Комарово – совершенно уникальное место. В одном поселке сошлись и Шостакович, и Соловьев-Седой, и Черкасов, и Евгений Лебедев, и Товстоногов, и Козинцев, и Лихачев, и Евгений Шварц, и Ахматова, и Жирмунский, и Бродский… Писатели, поэты, музыканты, артисты, художники, прославившие нашу культуру. Они жили здесь, приезжали сюда… Были ученые – Иоффе, Алферов, Линник, Фадеев, Горынин, Смирнов… Здесь не просто дачное место, Комарово связано с их биографией, с их творчеством, со всей их жизнью. И вдохновение, и утешение… Это место, где люди любили встречаться, дружили, общались, спорили…

Комарово – единственный своего рода заповедник, где собралось все лучшее, что было в Ленинграде, в его науке и культуре. Общение летнее. Зимой, в городе, общение совсем другое, забитое делами, расписаниями.

Работалось здесь хорошо. Для меня пейзаж Комарово – напоминание детства, которое прошло в новгородских, псковских лесах, в борах. Там были смолокурни, деготь, лесозаготовки. В Комарово те же сосны, пески. Из Комарово мы с женой по всему Карельскому перешейку носились. Где-нибудь в Сиверской больше и полей, и лугов. Там ляжешь в поле, смотришь на небо… В Комарово неба мало, хотя больше, чем в городе. Зато есть залив.

К нам много приезжало французских, китайских, американских писателей. Для них, конечно, Финский залив обладал особой прелестью. Какая-то в нем есть домашность, он ручной, кроме того, он имеет историю. Выходишь где-то на берег Тихого океана, там истории мало. А Финский залив историчен: Кронштадтское восстание, матросня, переход Ленина из Петербурга в Финляндию и обратно, бегство наших людей от революции, Вторая мировая…
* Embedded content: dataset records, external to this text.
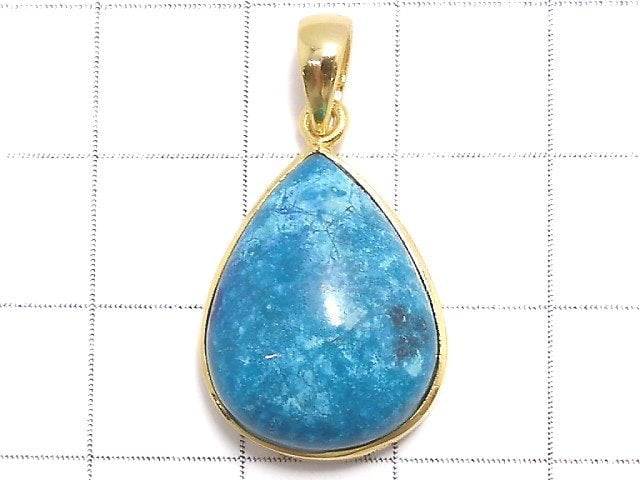 [Video][One of a kind] Chrysocolla AAA Pendant 18KGP NO.67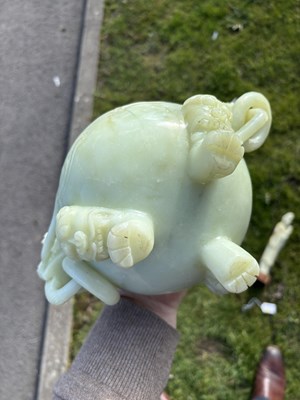 Lot 255 - A LARGE CHINESE JADE KORO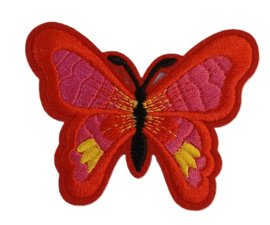 Embleem / applicatie Rood/roze/gele vlinder - 7 x 5,5 cm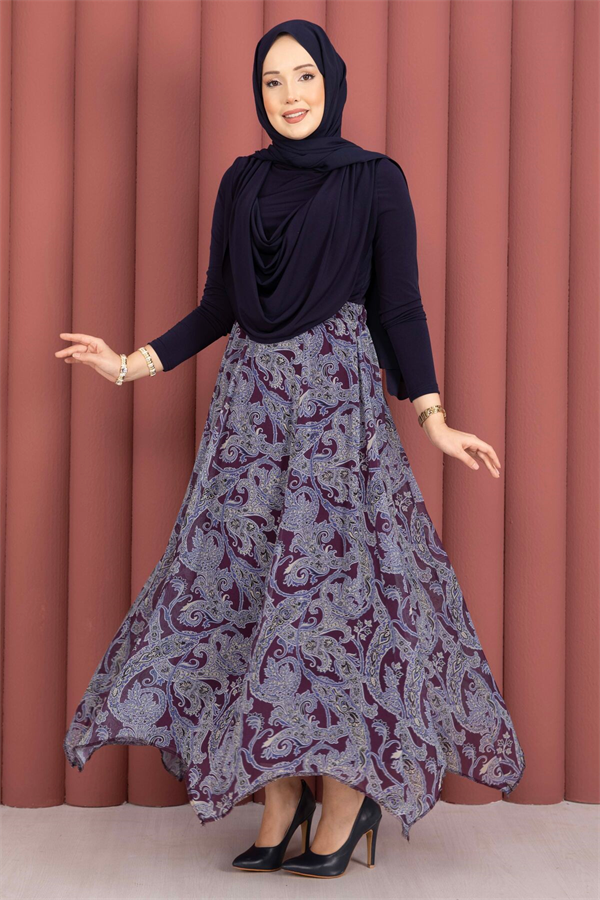 Shawl Pattern Asymmetrical Cut Chiffon Skirt Plum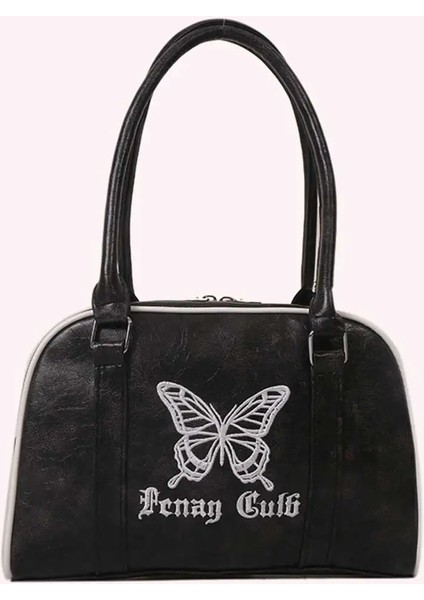 Kahverengi Kadın Deri Çanta Su Geçirmez Fermuar Omuz Çantası Işlemeli Kelebek Üst Kolu Çanta Satchel Hobo Çanta Kız Şık Çanta (Yurt Dışından)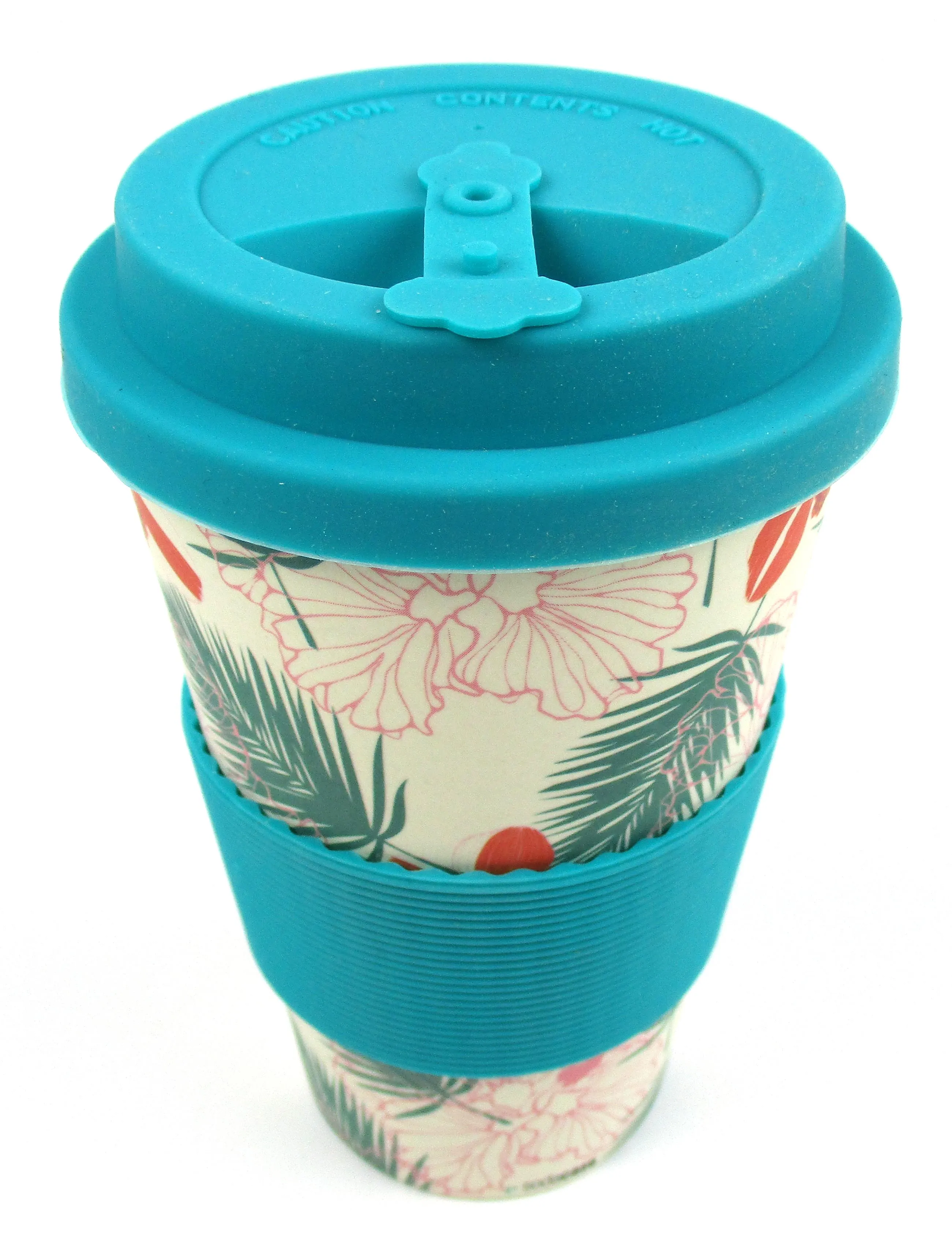 Eco-Friendly Reusable Plant Fiber Travel Mug with Tropical Paradise Design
Хорошо сидеть у залива… Хорошо ходить по лесу… Но если говорить о работе – это вещи необязательные. Для того чтобы работать, нет надобности попасть в какое-то любимое место.

Это представление о работе не мое. Чтобы начать работать, для этого нужно просто намолить тишину и одиночество. Есть писатели, которые работают на ходу. А есть писатели, которым нужно одиночество, возможность сосредоточиться, не отвлекаться. У каждого свой процесс погружения.
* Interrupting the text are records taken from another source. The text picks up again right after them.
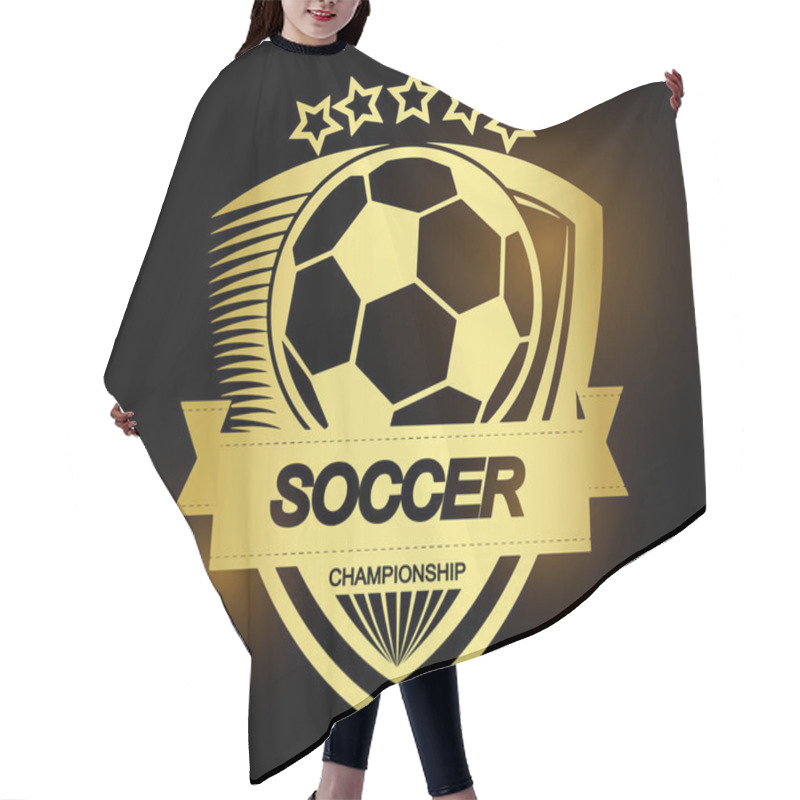 Personality  Illustration Of Golden Soccer Symbol Or Label And Logo Hair Cutting Cape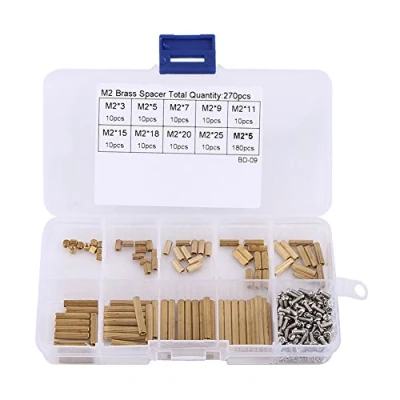 Immagine di M2 Femmina x Esagonale Distanziatore in Ottone con Viti Acciaio Inox Assortimento Kit 270Pz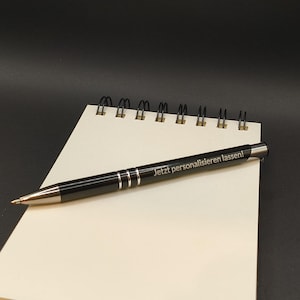 Balpen met gepersonaliseerde gravure, zwarte balpen, gepersonaliseerd cadeau, cadeau-idee handgemaakt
Городская жизнь отделяет от природы. И это огорчительно. Лишиться природы как мира, в котором человек всего-навсего небольшой соучастник, – потеря. Даже если это как у Пруста, который вообще мало выходил из комнаты. Когда он пишет, для него даже шум за окном – воспоминание о запахах… Все восходит к природе, к общему миру, в котором живет человек. Иначе остается чисто мысленное прохождение жизни. Жизнь как продукт мысли, блекнущих воспоминаний…

Вот бабочка…Что такое бабочка? Два совершенно волшебных крыла, а посередине невыразительный червяк. Крылья бабочки – чудо по своему рисунку, по краскам, по гармонии. То, что между ними, никакой красоты не представляет. Такая гусеничка волосатая… Но сочетание – это тем более чудо. И тайна.

Когда живешь в городе – живешь, как червяк. И этих двух крыльев – не ощущаешь.

Впервые я приехал сюда в начале 1950-х годов.